EDIT: As of right the Hell-ass now, The Quantum Mechanic is ready for sampling and purchase as an e-book at Smashwords! You can read 55% of it for free on your e-reader to see if you like the new fourth chapter and the way I've integrated the un-deleted scenes. Also, I've verified that it works Stanza on my iPod (I don't have a Kindle, and I can't get the .mobi-wranglin' app to work properly... though I may be doin it rong). While it works, so to speak, there are issues. The acknowledgments aren't displaying properly, and neither does my citation of a Carl Sagan quote in the Foreword. Like, this stuff is there in my source document, something just got bollocksed up in the conversion process. I'm looking into it, but the rest of the free preview (all the way up through the end of "A Little Piece of Heaven") appears to work perfectly.

Of course, if you want to read it now, you still can! The way Smashwords works, once you own a book you can download it infinitely (so you can keep up on any later updates at no additional cost, and they'll be posted here). It's all DRM-free, too. While the book is technically "copyright me," it's copyleft in spirit, which means that while there's no substitute for showing your appreciation in a "rent and groceries" sort of way, I honestly care more about getting my ideas out to people who enjoy them than I care about making money for my hobby. (This is why there are no license notes.)

DOUBLE-EDIT: BWAHAHA! OK, so the second edition is uploaded, converted, and approved! (The same link above still works.) The problem?

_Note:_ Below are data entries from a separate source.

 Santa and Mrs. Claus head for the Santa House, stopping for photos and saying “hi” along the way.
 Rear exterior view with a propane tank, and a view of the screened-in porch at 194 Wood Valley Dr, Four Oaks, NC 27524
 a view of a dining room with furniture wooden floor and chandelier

I have the same problems. The acknowledgments still don't display properly, and neither does the Sagan attribution in the foreword. However, there is an exciting new development! You see, these problems happen if you view the e-book with white text on a black background - but they don't happen if you view the e-book with black text on a white background! What the shit-fuck-tits is going on here?!

No, seriously, if anyone knows what the Hell-ass-balls I can do to fix this, I'm all ears. I'm just pissed and too lazy to look it up right now. I'll continue to look into it once I get some actual fresh content up, but I will be tremendously grateful to anyone who's able to bring a solution (or even a suggestion) to me.

Saturday, February 6, 2010

I should probably say something about this...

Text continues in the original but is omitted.